What you are asked to do – Print every line below exactly as written, but leave the pictures behind.

Dataset extract –
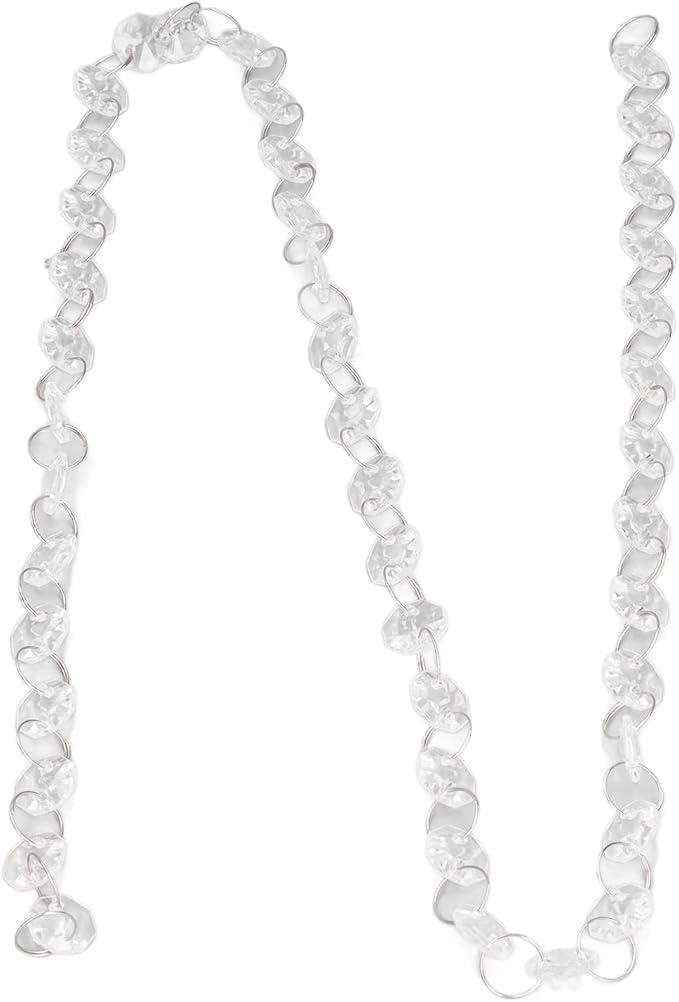 10pcs Crystal Chain Garland Strand, Acrylic Bead Chain Decorations, Adjustable Length DIY Wedding Party Celebration Decor with Metal Rings, for Christmas Trees Chandeliers Home Gar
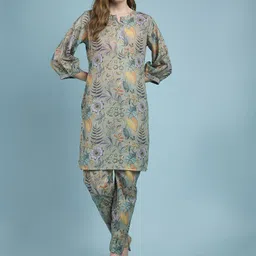 all about you Guldasta Olive Green Floral Printed Notch Neck Tunic With Trousers-image-82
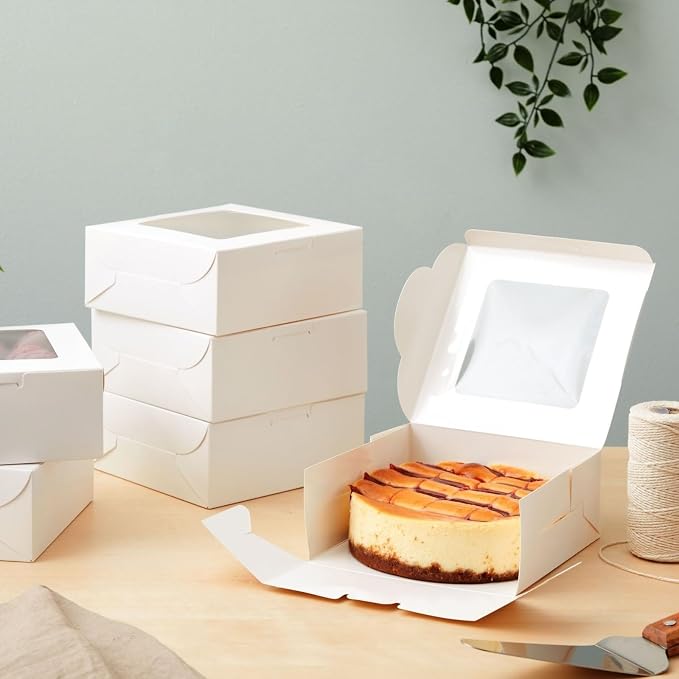 Juvale Bakery Boxes with Window - 6 x 6 x 2.5 in, White, 50 Count - Bulk Pastry & Dessert Boxes To Go & Treat Containers for Cupcakes, Cookies & Pastries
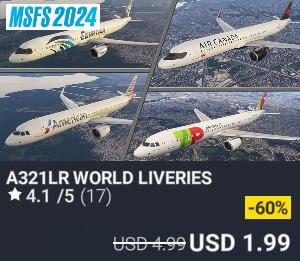 A321LR WORLD LIVERIES by 2PILOT. USD $4.99 (on sale for 1.99)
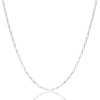 Gargantilha Elos Retos 2 mm Ródio Branco - 45 CM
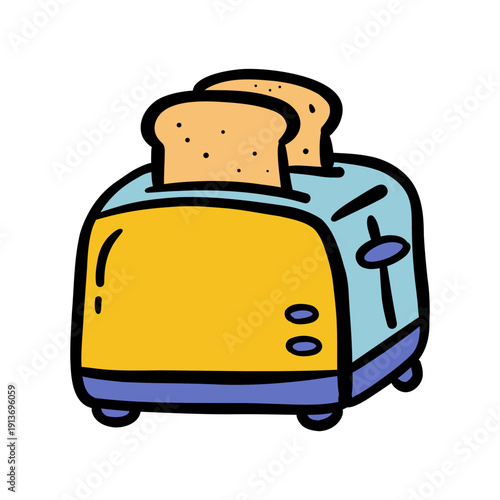 Flat vector cartoon toaster with bread slices - playful doodle style, no background, ideal for advertising, branding and kids' books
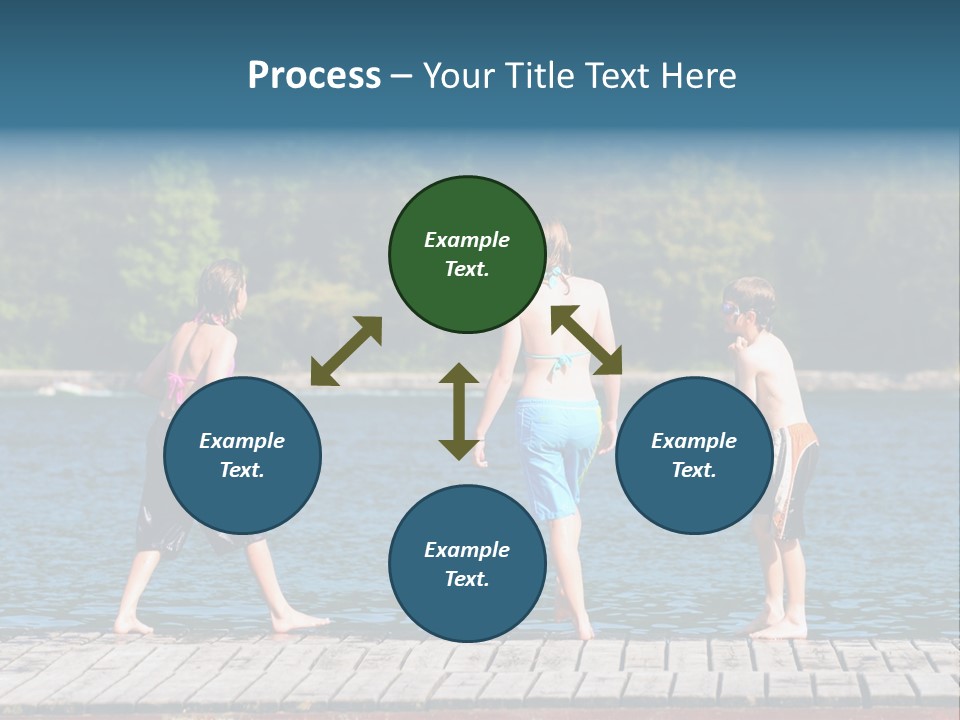 Candid Portrait Of Group Of Children At Lakeside PowerPoint Template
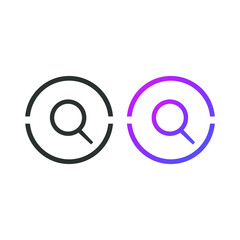 Search icon button, in solid and gradient color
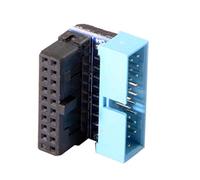 cablecc USB 3.0 20pin Male to Female Extension Adapter Up Down Angled 90 Degree for Motherboard Mainboard (Down Angled)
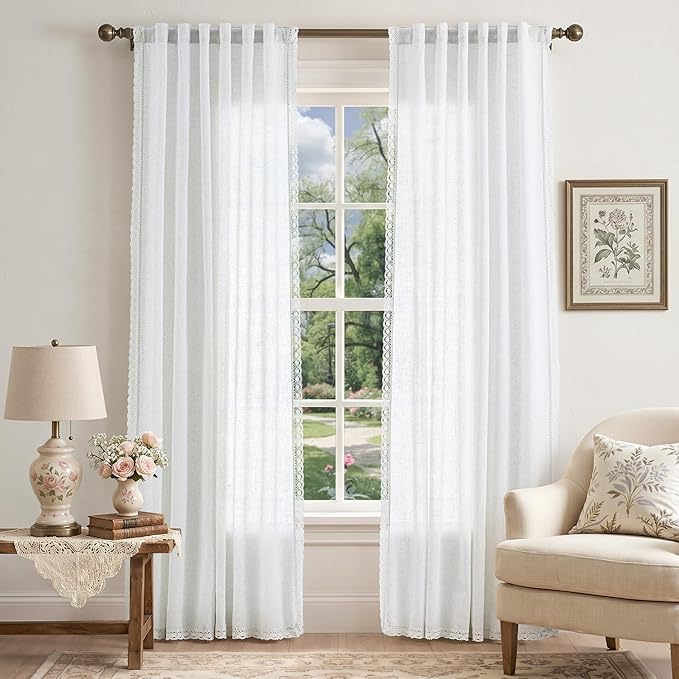 jinchan Linen Curtains for Living Room Bedroom Light Filtering Semi Sheer Curtains Boho Farmhouse French Country Cottage Core Decor Window Drapes Back Tab 84 Inch Length Laced Off White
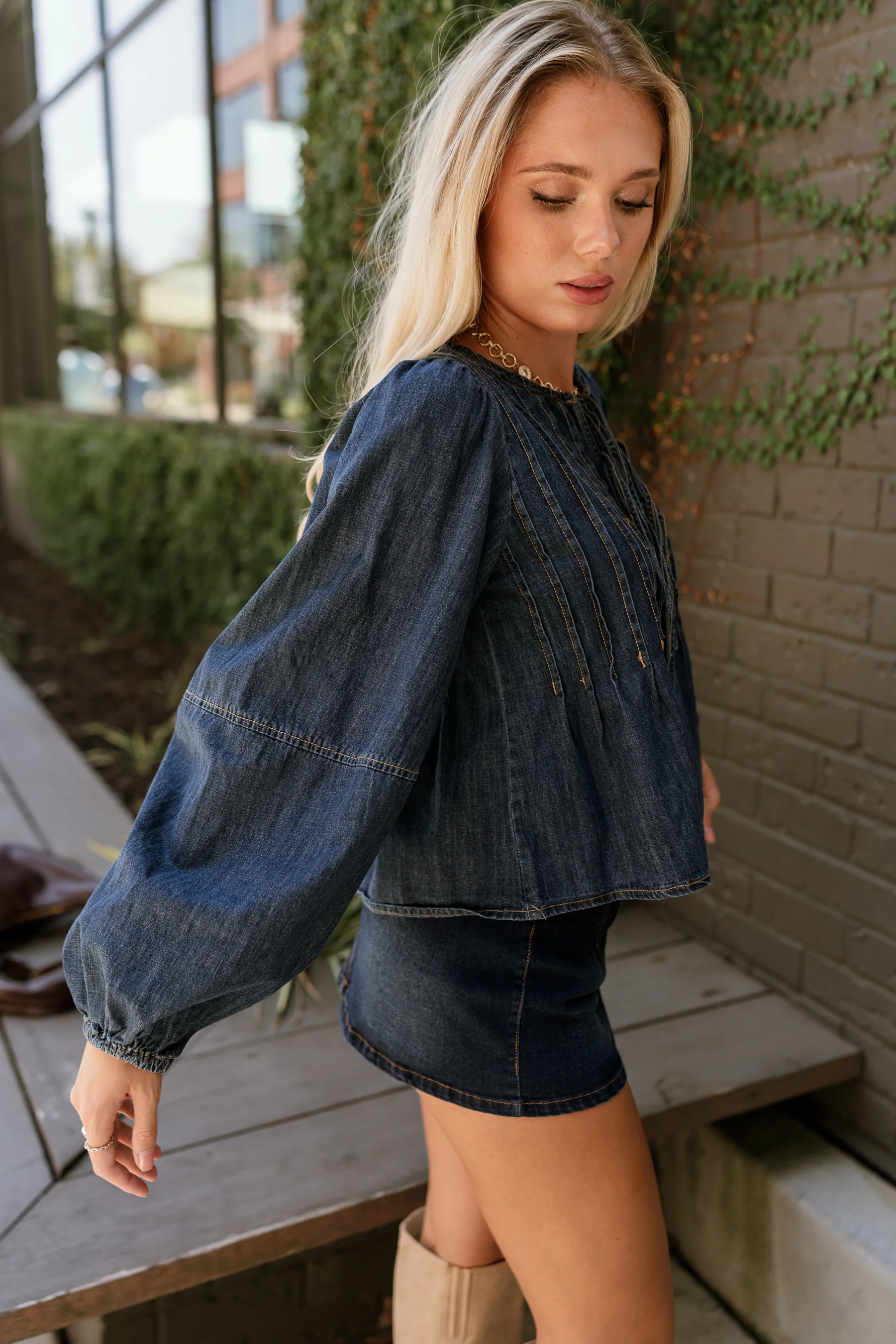 Lena Dark Denim Pleated Flare Long Sleeve Top - Image 7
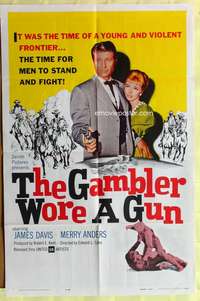 s353 GAMBLER WORE A GUN one-sheet movie poster '61 Jim Davis, Merry Anders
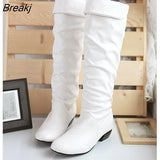 Women Leahter Knee High Boots Fashion Classic Folding Slip on Winter Autumn Casual Low Heels White Black Long Slim Boots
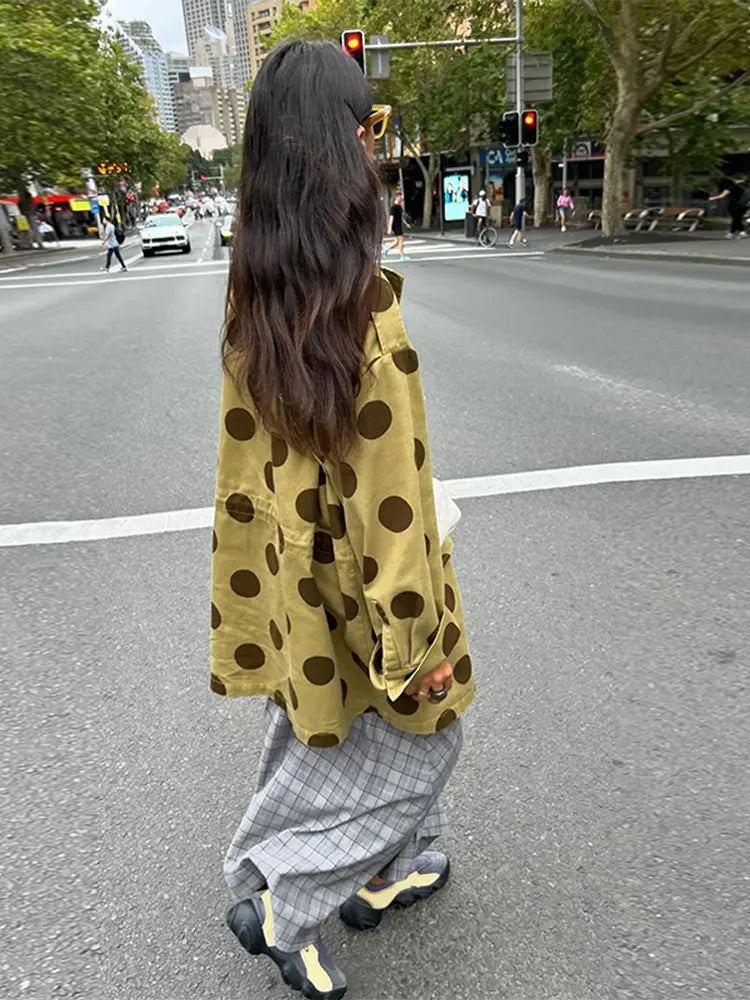 Vintage Polka Dot Printed Jacket For Women Loose Lapel Long Sleeve Zipper Button Coat 2024 Fashion Female Street Outerwear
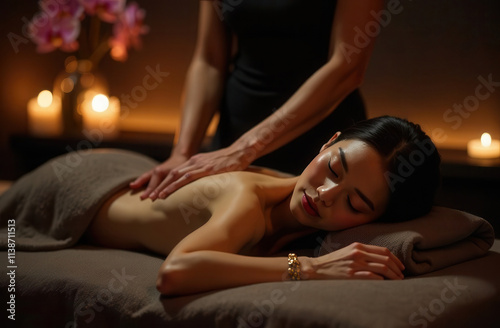 Asian woman getting massage in chic dark spa salon with candles and orchids. Relaxing massage. Thai massage for a woman in a salon. Back and neck massage in a spa salon.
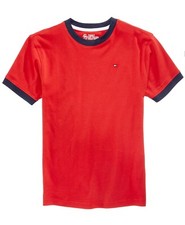 Boy's Tommy Hilfiger Red Crew Neck Tee 100 Cotton Short Sleeve - Small 8/10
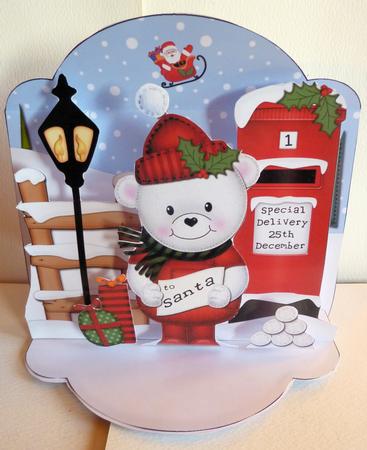 3D Pop Up Front Teddy Ed Xmas Card Kit by Karen Nash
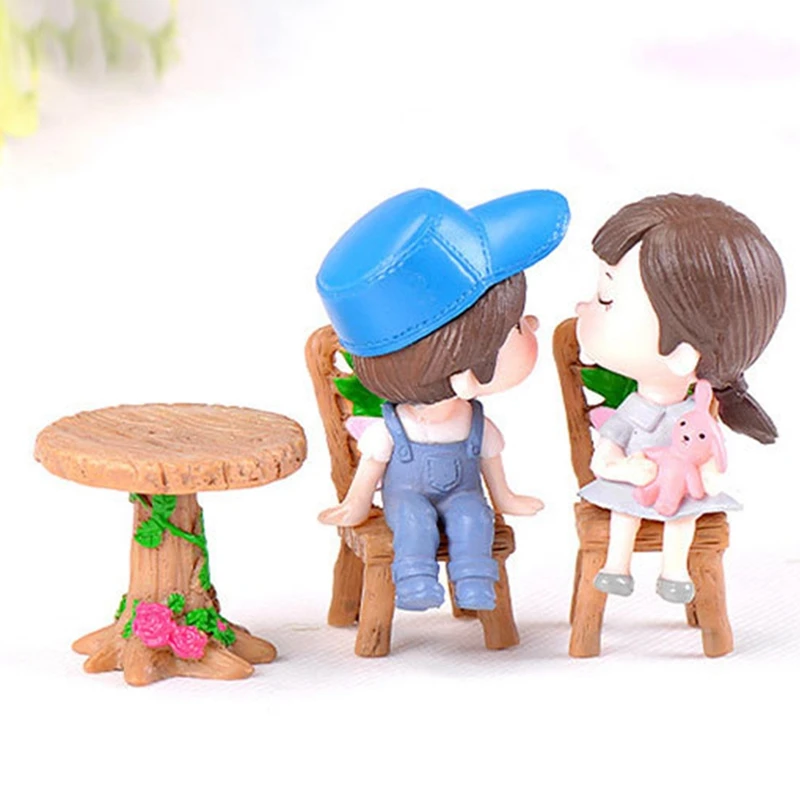 

Mini Home furniture Table and Chair Fairy Garden Miniatures Terrarium Figurines Doll House Decor Doll House Accessories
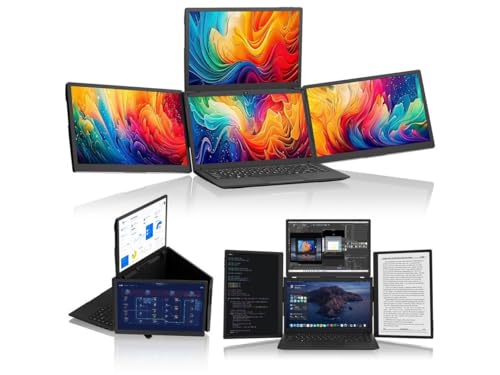 Image of JIMTAB Portable Monitor 13.3 Triple Screen Extender with Build-in Stand, 1920 * 1200 IPS 16:10 Monitors, Built-in Monitor Holder RJ45 / USB 3.0 /Type-C Plug and Play Display for Laptop 13-16 Inch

Exercise answer –
 10pcs Crystal Chain Garland Strand, Acrylic Bead Chain Decorations, Adjustable Length DIY Wedding Party Celebration Decor with Metal Rings, for Christmas Trees Chandeliers Home Gar
 all about you Guldasta Olive Green Floral Printed Notch Neck Tunic With Trousers-image-82
 Juvale Bakery Boxes with Window - 6 x 6 x 2.5 in, White, 50 Count - Bulk Pastry & Dessert Boxes To Go & Treat Containers for Cupcakes, Cookies & Pastries
 A321LR WORLD LIVERIES by 2PILOT. USD $4.99 (on sale for 1.99)
 Gargantilha Elos Retos 2 mm Ródio Branco - 45 CM
 Flat vector cartoon toaster with bread slices - playful doodle style, no background, ideal for advertising, branding and kids' books
 Candid Portrait Of Group Of Children At Lakeside PowerPoint Template
 Search icon button, in solid and gradient color
 cablecc USB 3.0 20pin Male to Female Extension Adapter Up Down Angled 90 Degree for Motherboard Mainboard (Down Angled)
 jinchan Linen Curtains for Living Room Bedroom Light Filtering Semi Sheer Curtains Boho Farmhouse French Country Cottage Core Decor Window Drapes Back Tab 84 Inch Length Laced Off White
 Lena Dark Denim Pleated Flare Long Sleeve Top - Image 7
 s353 GAMBLER WORE A GUN one-sheet movie poster '61 Jim Davis, Merry Anders
 Women Leahter Knee High Boots Fashion Classic Folding Slip on Winter Autumn Casual Low Heels White Black Long Slim Boots
 Vintage Polka Dot Printed Jacket For Women Loose Lapel Long Sleeve Zipper Button Coat 2024 Fashion Female Street Outerwear
 Asian woman getting massage in chic dark spa salon with candles and orchids. Relaxing massage. Thai massage for a woman in a salon. Back and neck massage in a spa salon.
 Boy's Tommy Hilfiger Red Crew Neck Tee 100 Cotton Short Sleeve - Small 8/10
 3D Pop Up Front Teddy Ed Xmas Card Kit by Karen Nash

Mini Home furniture Table and Chair Fairy Garden Miniatures Terrarium Figurines Doll House Decor Doll House Accessories
 Image of JIMTAB Portable Monitor 13.3 Triple Screen Extender with Build-in Stand, 1920 * 1200 IPS 16:10 Monitors, Built-in Monitor Holder RJ45 / USB 3.0 /Type-C Plug and Play Display for Laptop 13-16 Inch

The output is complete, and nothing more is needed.